Seit 1999 erscheint in der Deutschen Verlags-Anstalt die "Tschechische Bibliothek". In diesem Frühjahr erschien der der 33. und letzte Band, "Die Hunde von Konstantinopel"; sein Autor ist der 1834 in Prag geborene Journalist, Dichter, Dramatiker und Übersetzer Jan Neruda. In deutscher Übersetzung gab es bisher ein einziges Buch von ihm, die "Kleinseitner Geschichten", burleske Genrebilder über die Bewohner der Prager Kleinseite, dem malerischsten Viertel der Stadt. Mit ihnen fand Jan Neruda nicht nur Eingang in die Weltliteratur, er war auch richtungweisend für Generationen tschechischer Erzähler, bis hin zu Hasek und Bohumil Hrabal.

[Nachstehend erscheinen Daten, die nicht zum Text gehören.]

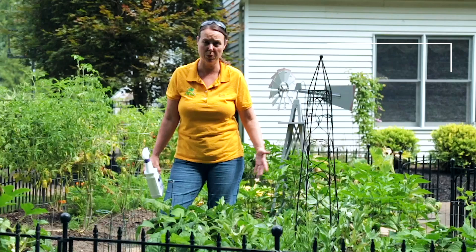Hi everyone, this is Noelle from Petiti Garden Centers. We're here in a beautiful vegetable garden looking at this whole plot — it's all different kinds of beans, and as we were scouting around through the vegetable garden we saw quite a bit of chewing damage.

Von Cornelia Staudacher | 06.08.2007
    Hans Dieter Zimmermann: " Wir haben ihn (natürlich) an den Schluss gesetzt, um einen Schlusspunkt zu haben, sozusagen einen Paukenschlag noch mal zum Schluss. Wir haben mit Hasek angefangen und hören mit Neruda auf. ..... (Also) es gibt eine Reihe von tschechischen Schriftstellern oder sagen wir wenigstens zwei oder drei, die auch in Deutschland relativ bekannt sind, das eine ist natürlich Jaroslav Hasek mit dem Braven Soldaten Schwejk, und der zweite ist wohl Hrabal, und der dritte ist wohl Jan Neruda, denn die "Kleinseitner Geschichten" von Neruda sind schon vor vielen Jahrzehnten übersetzt worden und in Deutschland immer wieder gelesen worden.......Wir wollten natürlich diese drei großen Gestalten in der Tschechischen Bibliothek unterbringen, aber nicht mit Büchern, die eh schon erreichbar sind, und so ist es uns gelungen, zu J. Hasek einen Band zu bringen mit bisher in Deutschland nicht bekannten Texten, frühe Schwejk-Fassungen, also der Ur-Schwejk heißt es, und bei Neruda, den man also für den etwas biedermeierlichen Poeten der Prager Kleinseite, also des Teiles unter der Prager Burg gehalten hat, den zeigen wir hier als einen Kosmopoliten, also einen Mann, der jahrelang durch Europa und die Mittelmeerländer gereist ist und einen so witzigen, klugen und verständnisvollen Blick für all die Ereignisse hat. ..... Er ist auch einer der Begründer des Feuilletons und hat übrigens auch über Egon Erwin Kisch, der natürlich gut Tschechisch konnte und der den berühmten Neruda gelesen hat, auch Einfluss auf das deutsche Feuilleton und auf den deutschen Reportagestil."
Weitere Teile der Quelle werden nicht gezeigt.